Growth is fun. Healthy companies have lots of growth opportunities. With those opportunities come the need to hire on more folks. Those folks cost money.
I’ve found that if a company is growing profitably or has easy access to capital, then these hiring decisions are not scrutinized as much as they probably could be. What I have seen happen with several companies in the past year is they hire like crazy and then realize their growth doesn’t support a healthy profit margin like they thought it would.

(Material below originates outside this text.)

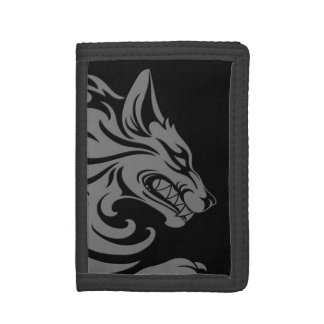 Aggressive Grey and Black Tribal Wolf Trifold Wallet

As we were growing RegOnline 50% a year we would have a wish-list of positions we wanted to hire for. How did we decide how many were too much? We knew we wanted to maintain a certain margin level every month – like 40% net profit. We were willing to sacrifice some of that margin to hire more, having a floor of 25%. It would have been easy to say, well since we are continuing to grow we can hire more than that and grow into our profitability again later. But we didn’t. And I’m glad we didn’t because we had lots of months where we didn’t grow or went backwards. We would have felt unnecessary pressure because of a bloated overhead. It felt much better to know we were continually enjoying great profit margins AND growing.
This process then forced us to prioritize our hires based on ROI. How would each hire produce more profitability for the company, what was the certainty level, and in what period of time. Adding to our support or sales team based on metrics was a little easier than doing the math on another developer or admin person. None the less, prioritizing our hires and doing the math helped us stay profitable in up and down months.